Now, because DeleteFile
returns error 5 (Access/Permission Denied) and there is no IsDirectory in
Kernel32 (although there is an NTSTATUS error for NT functions), the error gets picked up by wasmtime as that.
One way to fix this is probably by calling NtDeleteFile
on wasmtime side instead of DeleteFile
.
Another option is to use other API functions (such as GetFileAttributes or fd_fdstat_get in WASI) to check the attribute of the file and return the appropriate error (See last 2 paragraph).
Since this is caused by an "intended" behavior from the Windows API, I am not sure whether this should be handled on Zig's side or left for the WASM runtime/engine.
Similarly, the open and create functions also acts the same way because they call CreateFile
.
The only exception for windows is rename, because rename in wasmtime uses rust's fs function, which
uses MoveFileEx
with the replace flag, which is the same as Zig's behavior for files. MoveFileEx
, however, will also fail the same way for directories (https://github.com/bytecodealliance/wasmtime/blob/1321c234e53b0f56ec9ab29d89bdde16af733130/crates/test-programs/wasi-tests/src/bin/path_rename.rs#L63)
(* also see: https://learn.microsoft.com/en-us/windows/win32/api/winbase/nf-winbase-movefileexa)
Another thing I found during debugging this issue is that there are some tests that are marked to not execute on windows. Since wasmtime will eventually call windows functions, they will eventually fail for the same reason.
I added a fix on my fork here and will comment for clarity, but I am not sure if I should submit a PR since the fix includes adding fd_fdstat_get
check on every call. This will cause POSIX to do unnecessary checks.

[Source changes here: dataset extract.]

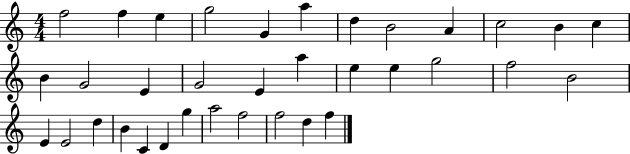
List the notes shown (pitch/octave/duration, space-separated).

F5/h F5/q E5/q G5/h G4/q A5/q D5/q B4/h A4/q C5/h B4/q C5/q B4/q G4/h E4/q G4/h E4/q A5/q E5/q E5/q G5/h F5/h B4/h E4/q E4/h D5/q B4/q C4/q D4/q G5/q A5/h F5/h F5/h D5/q F5/q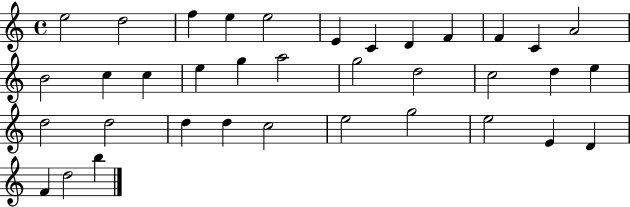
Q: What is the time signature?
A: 4/4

wasmtime is treating functions called in windows environment as windows functions rather than a POSIX functions. Of course, this depends on how the snapshot specs should be interpreted. The specs specify that these functions should be "similar" to those found in POSIX's but does not specify any further(?). Therefore, should they also inherit the same errors as POSIX for consistency or should they inherit errors from their runtime environment?

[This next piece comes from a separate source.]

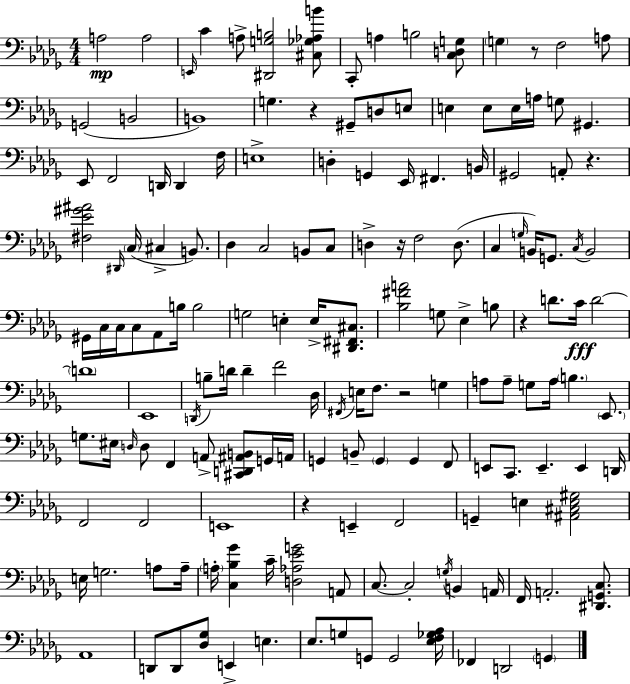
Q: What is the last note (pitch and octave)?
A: G2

(side note for people who wants to debug and trace unreported errors: I added a skip on every test and when error went down by one, it meant that I was in the test that caused it, then added print statement in random places to see where it's exactly located. Not sure if there is a better way since try calls would fail with no proper trace)
Thanks for the detailed writeup! It seems like wasmtime and Zig are running into similar problems with regard to a single cross-platform API for filesystem stuff.

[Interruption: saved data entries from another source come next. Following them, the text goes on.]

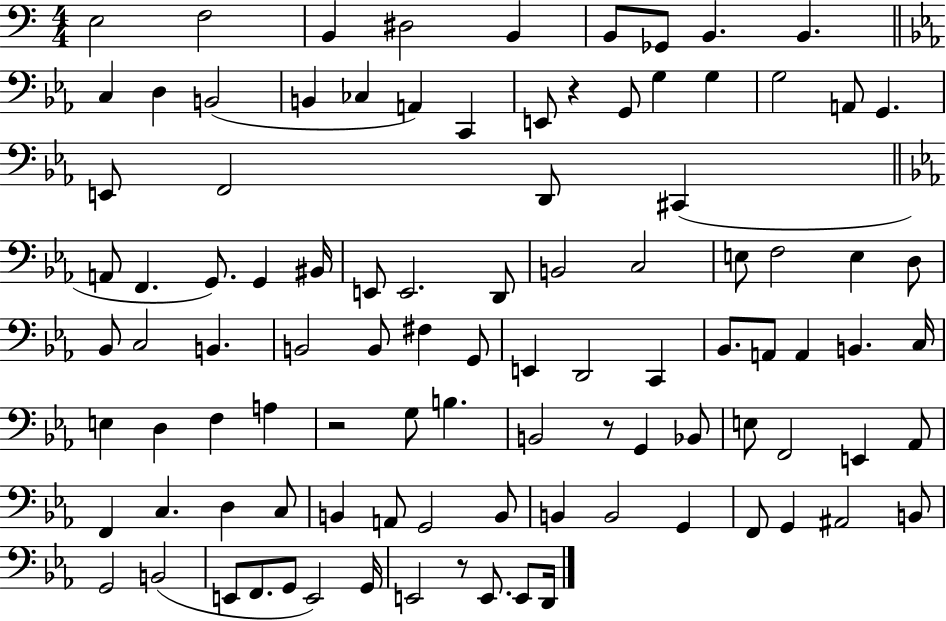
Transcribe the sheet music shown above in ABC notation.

X:1
T:Untitled
M:4/4
L:1/4
K:C
E,2 F,2 B,, ^D,2 B,, B,,/2 _G,,/2 B,, B,, C, D, B,,2 B,, _C, A,, C,, E,,/2 z G,,/2 G, G, G,2 A,,/2 G,, E,,/2 F,,2 D,,/2 ^C,, A,,/2 F,, G,,/2 G,, ^B,,/4 E,,/2 E,,2 D,,/2 B,,2 C,2 E,/2 F,2 E, D,/2 _B,,/2 C,2 B,, B,,2 B,,/2 ^F, G,,/2 E,, D,,2 C,, _B,,/2 A,,/2 A,, B,, C,/4 E, D, F, A, z2 G,/2 B, B,,2 z/2 G,, _B,,/2 E,/2 F,,2 E,, _A,,/2 F,, C, D, C,/2 B,, A,,/2 G,,2 B,,/2 B,, B,,2 G,, F,,/2 G,, ^A,,2 B,,/2 G,,2 B,,2 E,,/2 F,,/2 G,,/2 E,,2 G,,/4 E,,2 z/2 E,,/2 E,,/2 D,,/4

This is an unresolved problem with the Zig standard library (see https://github.com/ziglang/zig/issues/6364 for the rename issue you're talking about, and https://github.com/ziglang/zig/issues/6600 for a broader perspective), and it sounds like this might be the case with WASI/wasmtime as well.
The extra stat
calls on Zig's side seems unfortunate, since, as I understand it, ironing out these sorts of cross-platform differences would be something that a WASI runtime would have an interest in doing (basically for the same reasons as Zig's std library). If so, then in theory both wasmtime and Zig may eventually converge in terms of their cross-platform API (that is, the stuff wasmtime would need to do to have consistent cross-platform behavior would be similar/the same to what Zig would have to do).
Still unsure how to proceed, since I'm unclear on exactly what wasmtime (or the WASI spec) has to say about these sorts of differences or if there's a plan to address them in the future.